As I lay in bed, I plan and plot for the next day. What I would eat, what I would avoid. How many pounds would miraculously melt away?
Rice cakes. Those crunchy glued cardboard rounds.
Yogurt and wheat germ.
A cracker or two and a handful of raisins. A tablespoon of tuna. A palm-sized piece of chicken (the palm of a small child).
I lay my head down and smile. “I will do this; I will do this,” I chant as I drift off to sleep.
Dreams of monster cakes filled with decadent creams. Éclairs, with skinny little legs are chasing me down. I trip over a cupcake and fall face down in the river. I swallow mouthfuls of creamy fudge as my middle expands.
I try to get up but the gooey chocolate sucks me in deeper.
All too soon, I awake to the buzz of the alarm.
With a gnawing emptiness inside, I greet the day.
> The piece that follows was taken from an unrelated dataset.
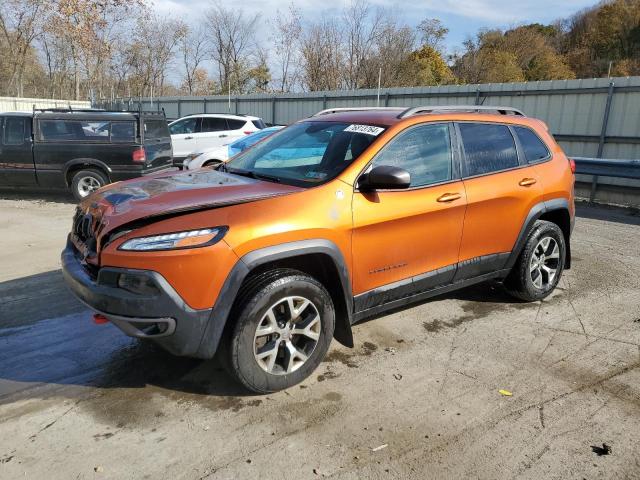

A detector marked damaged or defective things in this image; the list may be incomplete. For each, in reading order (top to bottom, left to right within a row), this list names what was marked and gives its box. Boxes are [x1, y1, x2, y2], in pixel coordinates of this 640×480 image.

crumpled hood [78, 168, 302, 240]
I shower. I dress. I venture off to work with my little lunch bag I had packed last night.
I reach in and grab a rice cake.
The flat, lifeless taste leaves me wanting.
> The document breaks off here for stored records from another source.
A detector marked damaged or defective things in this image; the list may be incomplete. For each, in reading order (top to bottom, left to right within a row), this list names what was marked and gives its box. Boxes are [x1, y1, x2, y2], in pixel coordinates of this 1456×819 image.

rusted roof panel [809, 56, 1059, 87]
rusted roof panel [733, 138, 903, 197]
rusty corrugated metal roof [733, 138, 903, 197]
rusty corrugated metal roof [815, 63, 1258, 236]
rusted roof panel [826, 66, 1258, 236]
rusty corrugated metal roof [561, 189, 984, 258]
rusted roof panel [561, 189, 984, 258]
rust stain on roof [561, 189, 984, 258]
I plop myself down at my desk and immediately I am struck by the sweet aroma of donuts. I wave “no” as my colleague offers me the scrumptious sprinkled delight.
“Don’t tempt me,” I exclaim, “I am on a diet.”
A saddened hush comes over the office. My belly breaks the silence with a long, low growl.
A speck of tuna – barely three mouthfuls.
The salty crunch of a celery stick, and another rice cake. I toss a few raisins in my mouth for desert and head back to work.
I feel the pity of my co-workers as they try to shield me from their fat-laden lunches. As the clock strikes 5, I decide to join my peers at happy hour.
One white wine spritzer won’t hurt, I convince myself. I am only going for the camaraderie. Really!
As I park my car, I glance in the rear view window. I promise myself again, “Only one and then home.” I join my crew and with a smile order my spritzer.
Oh, what luck! It is two-fer Tuesday!
As the bartender hands me both glasses, I try to convince myself they are small glasses. I sit back and take a sip. Ummm. A calming effect takes over me.
Out of the corner of my eye, I watch the waiters bring out the happy hour delights. Myself and I talked me into walking over to the massive spread “just to see” what was on the menu.
I took a deep breath.
When I came to, I was licking sauce off my fingers.
I glanced down to see a small mountain of empty clam shells, a pile of chicken wing bones and remnants of meatballs.
All amidst an array of sauces.
My mind cried out, “What have I done?”
The smell of real food had sent me into a blackout where I devoured platefuls of food. Delicious, delectable and devilishly fatty foods.
Like a piranha, I had whittled it all down to the bones and shells. I had oinked through it all.
I caught my image in the mirror and quickly turned away in shame. I was part of a feeding frenzy, not unlike a pack of wild dogs.
In anguish, I quickly finished what looked like my fourth spritzer. I sheepishly bid farewell to my comrades.
Unaware of my blackout binge, the sent me off with smiles. Bloated and remorseful, I made it home. I changed and brushed my teeth. I got in bed early.
As I lay in bed, I plotted and planned. What foods I would eat and what I would avoid. The vicious cycle continues.
Barbara Denny lives in Clover.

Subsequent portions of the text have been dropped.